Atlantide

L’Atlantide est-elle autre qu’une triple question jamais posée ? Sur la scène de l’Atlas, devant l’abîme d’ombre où s’offrent les décombres, malgré moi je grimace. Rouge est l’écume de la mer des boues déversées par les oueds après le déluge des derniers jours. On dirait un sang rameuté depuis l’autre rive par les sorcelleries d’Haïti. Plus loin que l’horizon se cache quelque chose qui est là, devant mes yeux aveugles. Invisible autant que les antipodes. C’est l’Atlantide quotidien. Ce geste, ce mot, ce foulard de femme à chaque instant parlent d’un insondable continent comme d’une musique engloutie. D’où vient-il que mes pas aient pu s’égarer jusqu’ici ? Je veux dire, quelques centaines de mètres en surplomb d’Agadir, face à l’Atlantique, sur ce qui demeure de l’ancienne casbah ravagée par un tremblement de terre il y a – presque jour pour jour – cinquante ans. Il s’en fallut d’un vaste mouvement de charité internationale, en ce mois de février 1960, pour que les cinquante mille morts fussent rassasiés en vivres, boissons fraîches, vêtements propres, ainsi qu’en bonnes intentions idéologiques… Surtout, ne pouvait pas être envisagée la question : c’est quoi l’Afrique ?
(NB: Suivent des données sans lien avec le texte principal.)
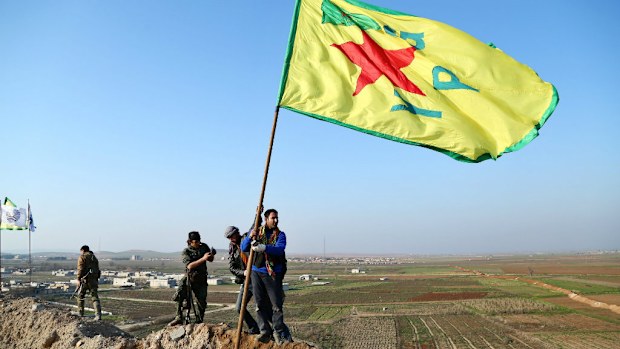 Kurdish YPG soldiers celebrate their victory in Kobane. (AAP)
En un autre siècle, il avait fallu que la capitale du Portugal s’effondrât sur des assises immémoriales pour qu’une vaste interrogation traversât un continent qui ne fut pas avare, pour les centaines de milliers de morts, en vivres et bonnes intentions théologiques… Surtout ne pouvait être posée la question : c’est quoi l’Europe ?
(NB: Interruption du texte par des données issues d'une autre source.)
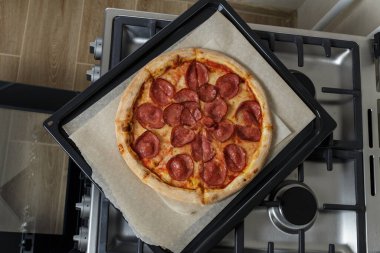 Fırında yeni pişmiş pizza ve kabartma kağıdı. Fırının üstünde pizzalı bir çarşaf var.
Aujourd’hui, ce ne sont pas seulement haillons, murs de carton, toits de tôle – débris de chair – d’une île des Caraïbes que les entrailles de l’Atlantique ont avalés : toute la Pyramide humaine fut siphonnée sans le savoir par ce soupirail des profondeurs. Car il ne faut pas croire les apparences qui montrent la Pyramide plus que jamais triomphante. La Pyramide, à la renverse, est sous eau ! Ses faux prophètes, aux ordres de CAPITOTAL, ont beau s’égosiller, tels des muezzins sur leurs miradors, et diriger le troupeau des esclaves dans un Sens Unique en se voulant les maîtres du Sens du Sens idéologique, partout court une rumeur parmi les foules tyrannisées : Ils ont volé la Terre Promise ! Ils ont volé la Terre Promise ! La gueule de la mer a de ces fringales dont il vaut mieux ignorer le Sens du Sens du Sens, à l’heure où plus de cent mille morts jouissent en Haïti des solidarités internationales. Vivres, boissons, bonnes intentions capitotaliques… Surtout ne pas poser la question : c’est quoi l’Amérique ?
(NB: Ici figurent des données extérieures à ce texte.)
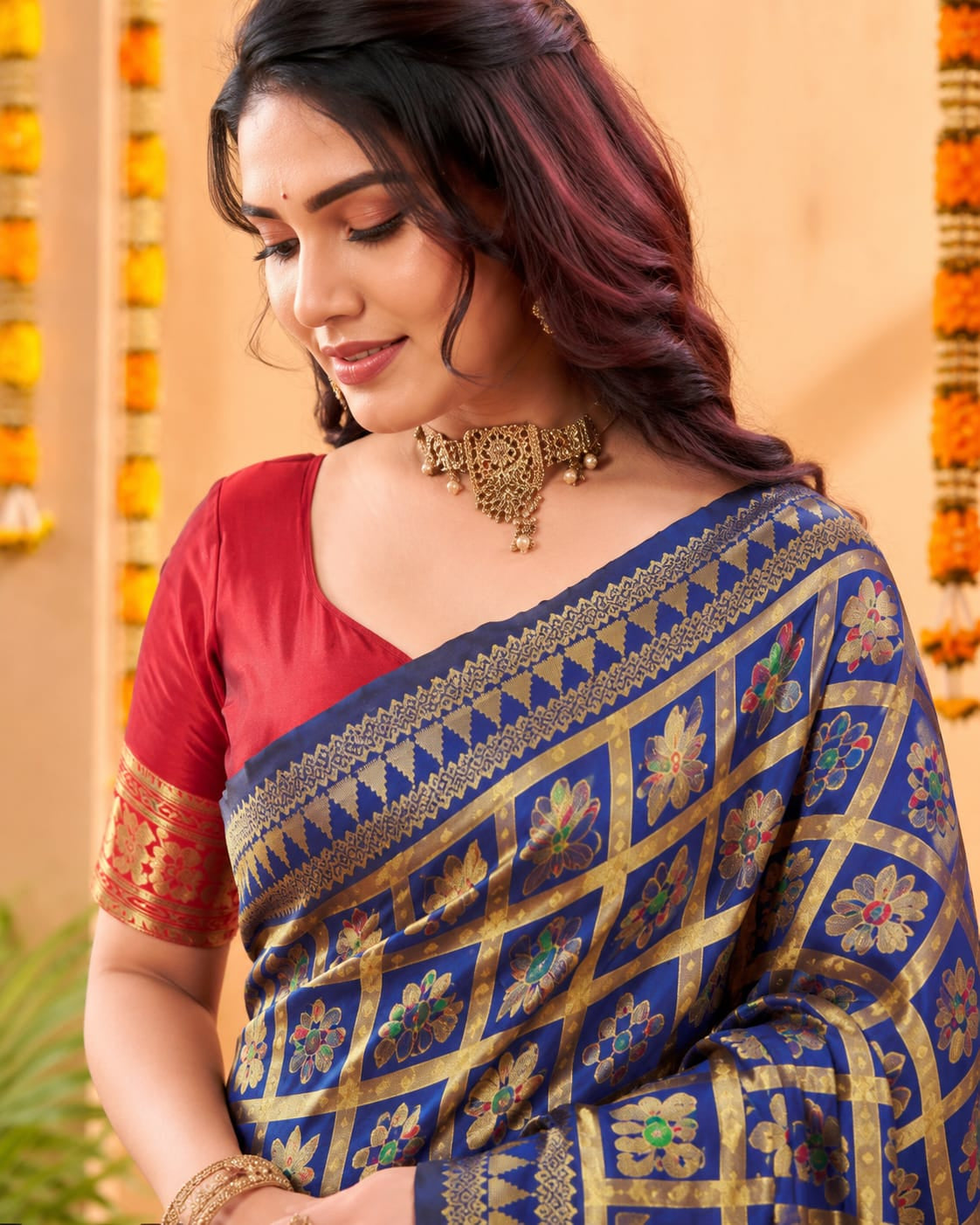 Close-up of royal blue jacquard saree with gold-tone checks and colourful floral motifs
L’Atlantide est-elle autre qu’une triple question jamais posée aux angles ayant délimité le commerce triangulaire qui fonda notre monde ? Comme la fosse d’un théâtre s’étend la mer où gît l’île perdue dont les Anciens nommèrent les parties visibles Iles Bienheureuses, et dont le fond se tapisse de millions de crânes. Ne devinez-vous pas, sous les profondeurs, quelque continent peuplé de vos propres fantômes ? Scrutez bien la surface : n’a-t-il pas votre visage, l’être qui fait des signes entre trois eaux ? Cet Atlante vous parle – contre le Sens technique et le Sens du Sens idéologique, il dit le Sens du Sens du Sens ! Aux dépens de tous les bavardages, il exprime l’essentiel de ce que vous fûtes, êtes, pourriez être – et ne voulez pas savoir.